Exercise prompt » Using the listing below, say how many lines have the string "photo" in them, giving the number alone.

Dataset records »
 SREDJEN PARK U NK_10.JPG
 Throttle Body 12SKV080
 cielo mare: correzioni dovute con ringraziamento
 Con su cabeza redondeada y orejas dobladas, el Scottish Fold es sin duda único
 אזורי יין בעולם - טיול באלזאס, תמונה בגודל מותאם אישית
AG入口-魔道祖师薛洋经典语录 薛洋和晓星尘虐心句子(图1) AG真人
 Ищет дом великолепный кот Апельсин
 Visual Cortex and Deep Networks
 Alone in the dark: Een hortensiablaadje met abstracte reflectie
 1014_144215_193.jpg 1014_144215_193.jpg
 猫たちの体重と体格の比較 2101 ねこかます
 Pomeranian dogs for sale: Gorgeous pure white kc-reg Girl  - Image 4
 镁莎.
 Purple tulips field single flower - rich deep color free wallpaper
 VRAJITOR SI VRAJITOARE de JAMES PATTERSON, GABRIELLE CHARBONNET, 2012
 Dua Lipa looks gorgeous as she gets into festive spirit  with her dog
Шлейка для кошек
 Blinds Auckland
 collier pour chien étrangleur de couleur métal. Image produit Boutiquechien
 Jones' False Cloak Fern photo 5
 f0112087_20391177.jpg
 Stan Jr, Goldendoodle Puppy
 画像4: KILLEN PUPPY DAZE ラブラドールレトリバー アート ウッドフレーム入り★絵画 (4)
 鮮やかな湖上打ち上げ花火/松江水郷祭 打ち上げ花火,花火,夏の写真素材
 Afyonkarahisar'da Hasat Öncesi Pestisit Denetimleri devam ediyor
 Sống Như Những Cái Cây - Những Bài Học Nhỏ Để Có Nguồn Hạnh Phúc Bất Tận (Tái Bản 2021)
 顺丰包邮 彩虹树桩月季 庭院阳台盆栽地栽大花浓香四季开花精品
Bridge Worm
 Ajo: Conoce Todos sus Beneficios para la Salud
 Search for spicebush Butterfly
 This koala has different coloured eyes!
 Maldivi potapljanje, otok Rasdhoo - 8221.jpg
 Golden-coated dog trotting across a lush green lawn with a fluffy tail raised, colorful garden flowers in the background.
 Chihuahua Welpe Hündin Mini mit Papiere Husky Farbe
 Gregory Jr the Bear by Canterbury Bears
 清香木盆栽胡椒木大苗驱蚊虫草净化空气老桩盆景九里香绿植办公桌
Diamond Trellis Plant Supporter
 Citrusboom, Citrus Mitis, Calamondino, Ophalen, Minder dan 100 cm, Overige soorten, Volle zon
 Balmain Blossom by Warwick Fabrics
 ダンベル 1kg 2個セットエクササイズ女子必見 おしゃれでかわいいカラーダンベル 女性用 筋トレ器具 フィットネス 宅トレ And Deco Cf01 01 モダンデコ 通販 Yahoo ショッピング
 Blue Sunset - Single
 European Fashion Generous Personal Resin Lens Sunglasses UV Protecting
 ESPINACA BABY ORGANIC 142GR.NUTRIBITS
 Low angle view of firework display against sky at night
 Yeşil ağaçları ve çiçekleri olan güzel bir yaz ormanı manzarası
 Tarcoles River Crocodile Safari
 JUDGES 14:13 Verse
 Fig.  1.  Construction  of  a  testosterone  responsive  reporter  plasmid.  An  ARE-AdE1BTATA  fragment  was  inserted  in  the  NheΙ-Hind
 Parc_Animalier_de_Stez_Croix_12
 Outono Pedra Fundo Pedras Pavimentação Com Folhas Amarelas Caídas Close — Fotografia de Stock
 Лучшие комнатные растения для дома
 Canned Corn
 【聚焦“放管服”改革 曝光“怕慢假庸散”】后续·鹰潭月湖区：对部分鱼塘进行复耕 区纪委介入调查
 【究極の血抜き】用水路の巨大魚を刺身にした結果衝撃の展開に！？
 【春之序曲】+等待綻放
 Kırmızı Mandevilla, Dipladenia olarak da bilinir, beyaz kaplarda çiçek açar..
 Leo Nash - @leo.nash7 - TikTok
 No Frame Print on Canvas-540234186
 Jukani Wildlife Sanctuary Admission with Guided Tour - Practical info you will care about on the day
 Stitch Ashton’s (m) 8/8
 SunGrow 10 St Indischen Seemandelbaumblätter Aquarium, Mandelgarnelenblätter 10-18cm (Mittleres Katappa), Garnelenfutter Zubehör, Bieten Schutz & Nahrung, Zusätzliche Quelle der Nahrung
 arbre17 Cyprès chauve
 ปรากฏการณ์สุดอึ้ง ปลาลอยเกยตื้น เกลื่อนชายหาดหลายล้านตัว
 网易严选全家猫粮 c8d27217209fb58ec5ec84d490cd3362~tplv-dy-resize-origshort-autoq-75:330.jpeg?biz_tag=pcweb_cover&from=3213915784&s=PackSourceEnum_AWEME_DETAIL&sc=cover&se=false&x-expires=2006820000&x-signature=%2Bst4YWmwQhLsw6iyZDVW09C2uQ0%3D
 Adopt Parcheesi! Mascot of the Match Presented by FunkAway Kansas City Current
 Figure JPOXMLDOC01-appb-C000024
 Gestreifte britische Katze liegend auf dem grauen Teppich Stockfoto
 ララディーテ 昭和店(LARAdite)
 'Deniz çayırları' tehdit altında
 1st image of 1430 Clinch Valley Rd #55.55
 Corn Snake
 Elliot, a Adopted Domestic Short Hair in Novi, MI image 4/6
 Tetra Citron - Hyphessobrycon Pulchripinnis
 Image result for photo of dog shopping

Solved exercise » 2